Record set ->
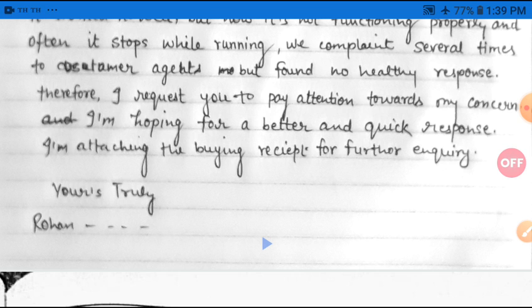There are several examples given in your books, so start practicing business letters. If you find any problem, you can contact me, write out the examples, and send them. Put forward your queries if you are having difficulty understanding any question. In the next lecture I will present the official letter. Thank you, and have a good day.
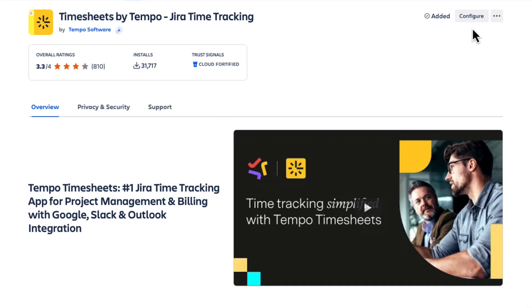Welcome to Tempo! If you've just installed Tempo timesheets for Jira Cloud, this video is a good place to start.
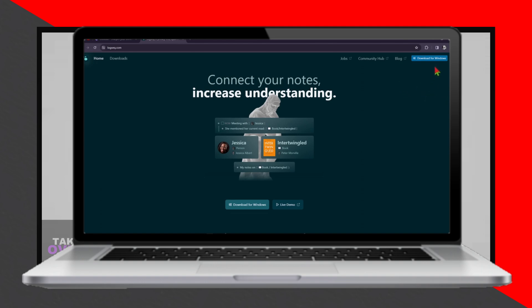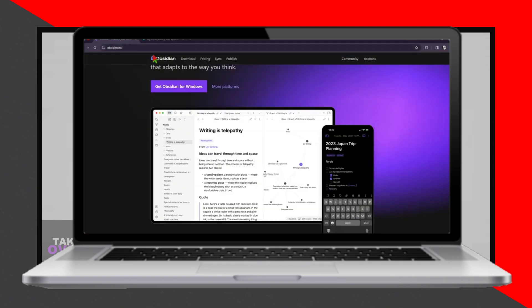When it comes to collaboration, both Obsidian and LogSec offer features that help teams work together seamlessly. Obsidian enables real-time collaboration through its Obsidian-published service. On the other hand, LogSec integrates with tools like GitHub for version control, making it a strong contender for collaborative projects.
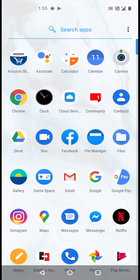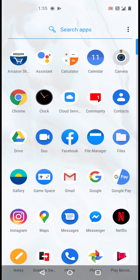This is the Gallery and if we slide this up then you can also see the pre-installed apps: Amazon Shopping, then Assistant, Calculator, Calendar, Camera, Chrome, Clock, Cloud Services, Community, Contacts, Drive, Duo, Facebook, File Manager, Files, Gallery, Game Space.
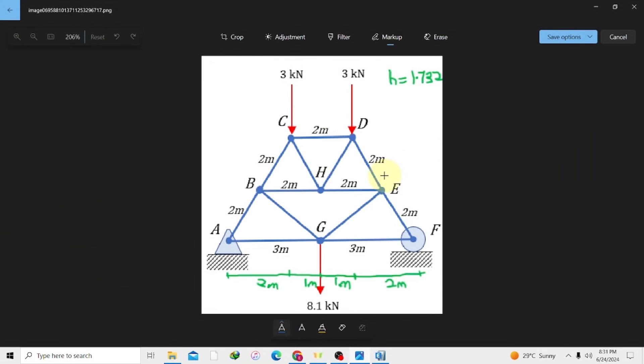Hello everyone, welcome back to Konaki YouTube channel. In our previous videos we learned how to model a simply supported beam, assigning video and UDL loads, and also analyzing them to get our shear force and bending moment diagram.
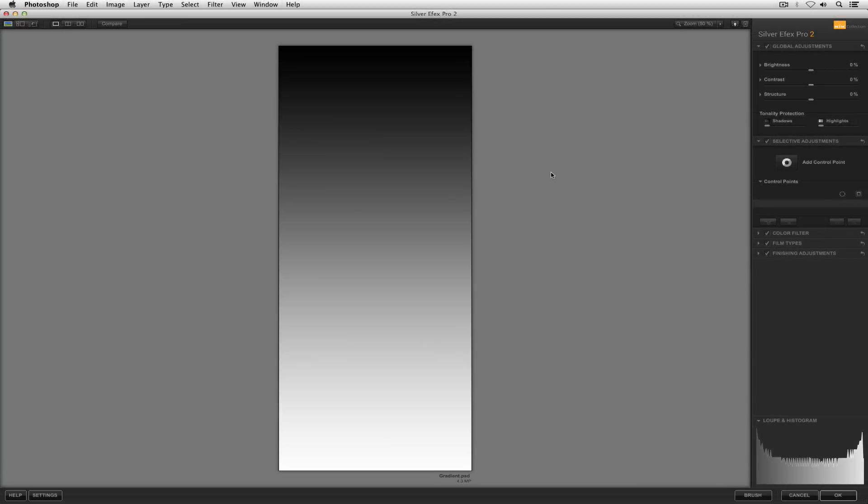Hello ladies and gentlemen, Dan Hughes here from the NIC team. I'm going to be taking you through a demonstration focused on the zone mapping system from Silver FX Pro 2.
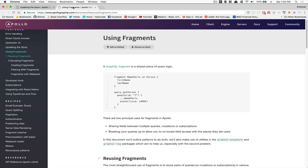First thing: the fragment is going to be pretty important. You can share a piece of code for the logic. For example, you can create a fragment called 'namesPart' which is going to be a type Person, where you say you want firstName and lastName. So every time you want to get firstName and lastName, you just say 'namePart' — you don't need to repeat firstName, lastName. So if you update firstName to be, say, userName, you just update it in one place and it updates everywhere. That can be really useful.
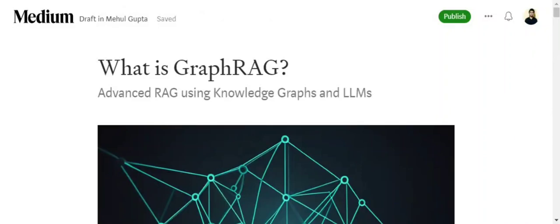Hi everyone. Today we'll be talking about a very important advancement made to the RAG system which helps you talk to your PDFs, text files, videos, etc., called GraphRAG.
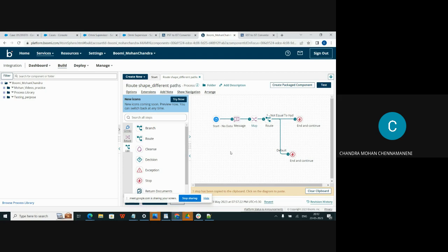Map shape. Map shape is used to transform data from one format to another format, like flatfile to XML profile.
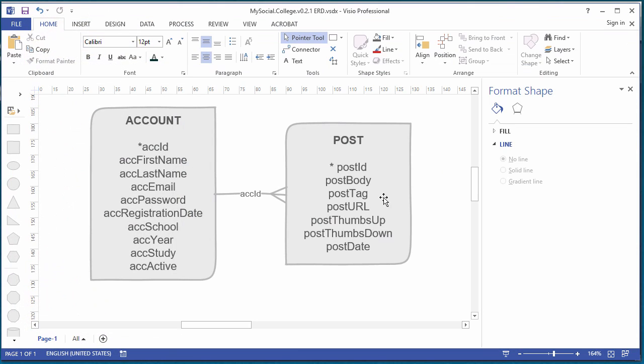If we look back at our diagram, we haven't really looked closely at the post table yet, so let me just talk it over. We have a post body, and we're allowing our users to tag their posts with some sort of interesting tag, perhaps.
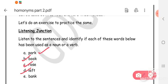Next word is 'left': The professor had left the college before I could submit my project. Identify how the word 'left' is being used in this sentence.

The task -> Leaving the pictures out, output each line of the listing exactly.

Task solution ->
There are several examples given in your books, so start practicing business letters. If you find any problem, you can contact me, write out the examples, and send them. Put forward your queries if you are having difficulty understanding any question. In the next lecture I will present the official letter. Thank you, and have a good day.
Welcome to Tempo! If you've just installed Tempo timesheets for Jira Cloud, this video is a good place to start.
When it comes to collaboration, both Obsidian and LogSec offer features that help teams work together seamlessly. Obsidian enables real-time collaboration through its Obsidian-published service. On the other hand, LogSec integrates with tools like GitHub for version control, making it a strong contender for collaborative projects.
This is the Gallery and if we slide this up then you can also see the pre-installed apps: Amazon Shopping, then Assistant, Calculator, Calendar, Camera, Chrome, Clock, Cloud Services, Community, Contacts, Drive, Duo, Facebook, File Manager, Files, Gallery, Game Space.
Hello everyone, welcome back to Konaki YouTube channel. In our previous videos we learned how to model a simply supported beam, assigning video and UDL loads, and also analyzing them to get our shear force and bending moment diagram.
Hello ladies and gentlemen, Dan Hughes here from the NIC team. I'm going to be taking you through a demonstration focused on the zone mapping system from Silver FX Pro 2.
First thing: the fragment is going to be pretty important. You can share a piece of code for the logic. For example, you can create a fragment called 'namesPart' which is going to be a type Person, where you say you want firstName and lastName. So every time you want to get firstName and lastName, you just say 'namePart' — you don't need to repeat firstName, lastName. So if you update firstName to be, say, userName, you just update it in one place and it updates everywhere. That can be really useful.
Hi everyone. Today we'll be talking about a very important advancement made to the RAG system which helps you talk to your PDFs, text files, videos, etc., called GraphRAG.
Map shape. Map shape is used to transform data from one format to another format, like flatfile to XML profile.
If we look back at our diagram, we haven't really looked closely at the post table yet, so let me just talk it over. We have a post body, and we're allowing our users to tag their posts with some sort of interesting tag, perhaps.
Next word is 'left': The professor had left the college before I could submit my project. Identify how the word 'left' is being used in this sentence.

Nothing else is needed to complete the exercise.